Als sie am dritten Tag der Tour in Nürnberg Zwischenstation machen, haben die Kolleg*innen mehr als 350 Kilometer hinter sich gebracht. Im Stadtteil Schweinau schließen sie sich einer Kundgebung an, mit der Gewerkschafter*innen auf die Zustände im Seniorenheim St. Elisabeth aufmerksam machen. Dort berichten Beschäftigte von extremem Personalmangel und Überlastung. Statt die Bedingungen zu verbessern, hat der kommerzielle Betreiber, die Alwo Altenwohn- und Krankenpflege-Betriebs GmbH, mehreren Kolleg*innen gekündigt, von denen die meisten im Betriebsrat engagiert sind. Mit der Kundgebung machen örtliche Aktivist*innen auf diesen Fall von »Union Busting«, von systematischem Vorgehen gegen Betriebsräte und Gewerkschaften, aufmerksam – unterstützt von den Teilnehmenden der Fahrradtour.
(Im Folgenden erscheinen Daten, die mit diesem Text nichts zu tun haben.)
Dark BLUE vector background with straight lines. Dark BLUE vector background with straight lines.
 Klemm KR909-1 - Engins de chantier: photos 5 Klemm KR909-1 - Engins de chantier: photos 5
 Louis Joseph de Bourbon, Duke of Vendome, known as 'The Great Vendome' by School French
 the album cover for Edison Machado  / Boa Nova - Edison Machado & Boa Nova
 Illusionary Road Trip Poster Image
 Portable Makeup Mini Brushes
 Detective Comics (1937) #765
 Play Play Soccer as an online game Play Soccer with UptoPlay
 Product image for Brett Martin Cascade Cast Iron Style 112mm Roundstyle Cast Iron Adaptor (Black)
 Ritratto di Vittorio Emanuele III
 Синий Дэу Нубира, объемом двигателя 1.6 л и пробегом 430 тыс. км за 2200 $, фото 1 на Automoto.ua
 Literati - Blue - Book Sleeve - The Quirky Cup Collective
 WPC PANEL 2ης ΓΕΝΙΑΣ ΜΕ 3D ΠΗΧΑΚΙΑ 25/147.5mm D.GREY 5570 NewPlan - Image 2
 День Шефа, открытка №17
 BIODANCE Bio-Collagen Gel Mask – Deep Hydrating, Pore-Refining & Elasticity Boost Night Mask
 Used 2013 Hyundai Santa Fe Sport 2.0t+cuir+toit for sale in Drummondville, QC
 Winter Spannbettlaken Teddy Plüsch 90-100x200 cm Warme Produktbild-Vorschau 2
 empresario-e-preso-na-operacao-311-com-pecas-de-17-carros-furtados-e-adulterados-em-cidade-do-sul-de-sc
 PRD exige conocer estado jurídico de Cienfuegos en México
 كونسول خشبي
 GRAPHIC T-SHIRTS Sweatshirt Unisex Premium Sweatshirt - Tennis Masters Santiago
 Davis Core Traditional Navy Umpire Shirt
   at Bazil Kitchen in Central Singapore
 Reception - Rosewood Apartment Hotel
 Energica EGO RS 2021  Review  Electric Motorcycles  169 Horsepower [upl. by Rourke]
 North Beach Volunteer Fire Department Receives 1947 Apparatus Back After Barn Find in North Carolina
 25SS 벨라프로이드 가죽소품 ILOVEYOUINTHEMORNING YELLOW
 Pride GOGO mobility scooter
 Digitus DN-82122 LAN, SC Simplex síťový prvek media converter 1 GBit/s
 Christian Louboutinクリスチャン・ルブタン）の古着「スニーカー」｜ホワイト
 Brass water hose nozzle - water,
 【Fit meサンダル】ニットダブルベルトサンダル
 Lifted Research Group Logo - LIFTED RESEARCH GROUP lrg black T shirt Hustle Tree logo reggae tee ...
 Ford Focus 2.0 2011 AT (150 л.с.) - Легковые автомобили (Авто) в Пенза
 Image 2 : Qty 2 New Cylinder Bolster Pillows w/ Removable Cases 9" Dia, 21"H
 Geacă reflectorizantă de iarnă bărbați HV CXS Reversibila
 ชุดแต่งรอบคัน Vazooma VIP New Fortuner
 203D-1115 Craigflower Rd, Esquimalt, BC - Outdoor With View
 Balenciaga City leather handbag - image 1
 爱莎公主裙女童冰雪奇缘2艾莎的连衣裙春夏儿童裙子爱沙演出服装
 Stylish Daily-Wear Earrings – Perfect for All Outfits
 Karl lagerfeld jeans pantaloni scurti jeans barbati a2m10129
»Wir haben den Kolleg*innen unsere Solidarität bekundet, denn für uns ist klar: Im Gesundheitswesen muss stets das Gemeinwohl im Zentrum stehen«, erklärt der Betriebsratsvorsitzende der AWO Sachsen Soziale Dienste gGmbH, Johannes Hermann, der die Protesttour organisiert hat. »Versorgungsverträge sollten deshalb künftig nur noch mit gemeinnützigen und kommunalen Einrichtungen geschlossen werden.«
Weiter geht es, gut 150 Kilometer nach Langenau am Rande der Schwäbischen Alb. Dort heißen am frühen Montagabend Beschäftigte des Sonnenhofs der Evangelischen Heimstiftung die Radler mit Plakaten willkommen. »Ich finde es super-cool, dass die Kollegen solche Strapazen auf sich nehmen, um der Altenpflege Aufmerksamkeit zu verschaffen«, sagt die Altenpflegerin Ilka Steck, die sich in der Mitarbeitervertretung und bei ver.di engagiert. »Das ist auch dringend nötig, denn die Probleme werden immer größer. Wir brauchen endlich einheitliche und bedarfsgerechte Personalvorgaben, die auch verbindlich sind. Es muss überall nach maßgeblichen Tarifverträgen bezahlt werden. Und nicht zuletzt, braucht es den Ausbau der Pflegeversicherung zu einer Solidarischen Pflegegarantie.« Um dafür Druck zu machen, wollen die Aktiven am 5. Juli in Friedrichshafen am Bodensee ankommen. Gemeinsam mit vielen anderen werden sie am Rande der Gesundheitsministerkonferenz für eine grundlegende Neuausrichtung der Gesundheitspolitik auf die Straße gehen.